§ **Task statement**
Among the lines below, keep only those from the one containing "Adrenal Px DHEA-25 75 vegi caps" through the one containing "Imagem 5: Sala/Conjunto", and reproduce them exactly.

§ **Data listing**
------------------------------------------------

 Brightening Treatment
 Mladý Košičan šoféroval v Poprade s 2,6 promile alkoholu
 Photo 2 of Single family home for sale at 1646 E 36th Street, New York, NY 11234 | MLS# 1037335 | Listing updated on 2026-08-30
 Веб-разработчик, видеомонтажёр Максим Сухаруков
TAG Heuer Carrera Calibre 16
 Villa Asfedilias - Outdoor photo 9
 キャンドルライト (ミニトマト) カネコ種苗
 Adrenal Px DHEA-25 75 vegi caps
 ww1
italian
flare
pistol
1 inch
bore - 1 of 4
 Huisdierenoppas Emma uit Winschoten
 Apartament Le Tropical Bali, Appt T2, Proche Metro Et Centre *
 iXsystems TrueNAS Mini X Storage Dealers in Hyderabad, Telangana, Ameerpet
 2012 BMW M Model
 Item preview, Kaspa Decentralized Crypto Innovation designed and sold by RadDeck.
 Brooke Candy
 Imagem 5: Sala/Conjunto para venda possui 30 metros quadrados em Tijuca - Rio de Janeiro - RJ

------------------------------------------------

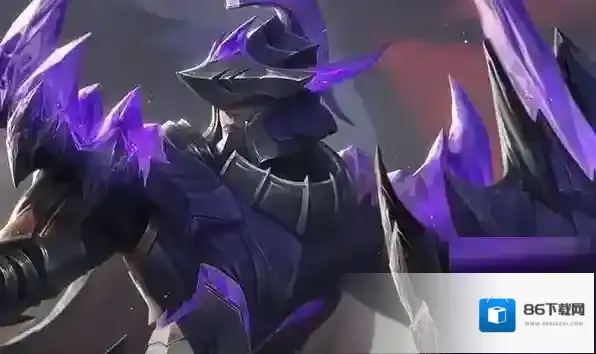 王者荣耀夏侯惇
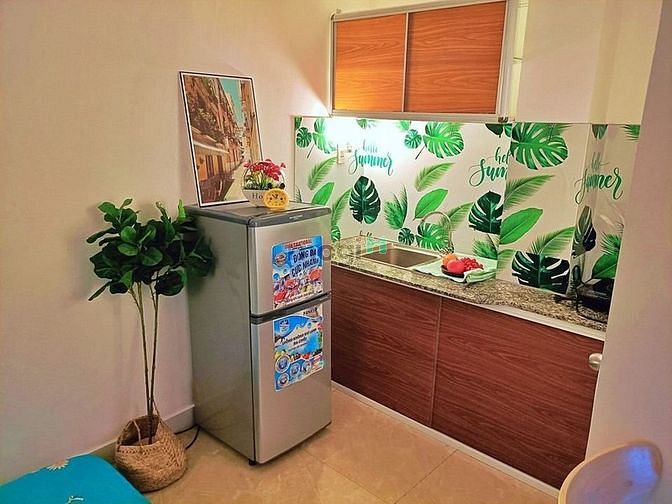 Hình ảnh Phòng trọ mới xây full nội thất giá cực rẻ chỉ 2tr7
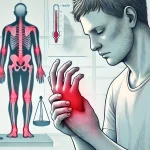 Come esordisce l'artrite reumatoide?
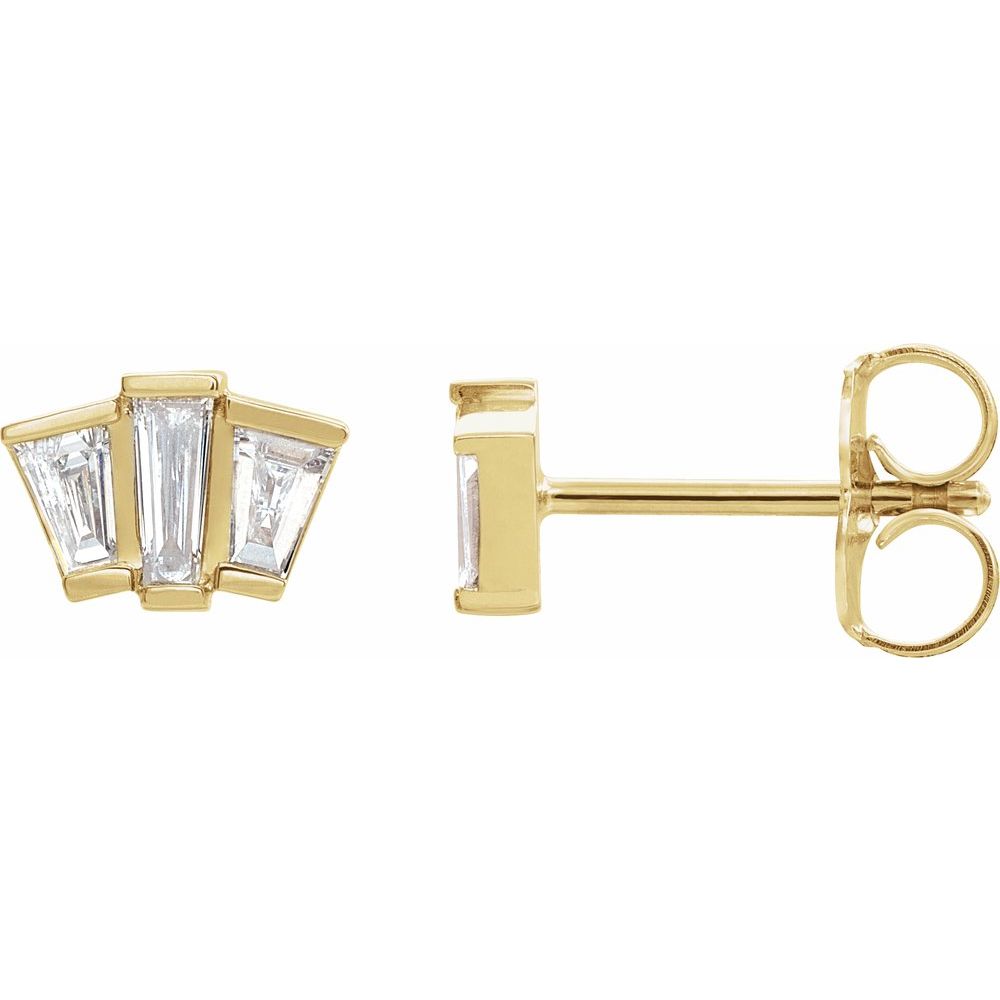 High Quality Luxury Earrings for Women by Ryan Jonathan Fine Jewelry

------------------------------------------------

§ **Exercise solution**
 Adrenal Px DHEA-25 75 vegi caps
 ww1
italian
flare
pistol
1 inch
bore - 1 of 4
 Huisdierenoppas Emma uit Winschoten
 Apartament Le Tropical Bali, Appt T2, Proche Metro Et Centre *
 iXsystems TrueNAS Mini X Storage Dealers in Hyderabad, Telangana, Ameerpet
 2012 BMW M Model
 Item preview, Kaspa Decentralized Crypto Innovation designed and sold by RadDeck.
 Brooke Candy
 Imagem 5: Sala/Conjunto para venda possui 30 metros quadrados em Tijuca - Rio de Janeiro - RJ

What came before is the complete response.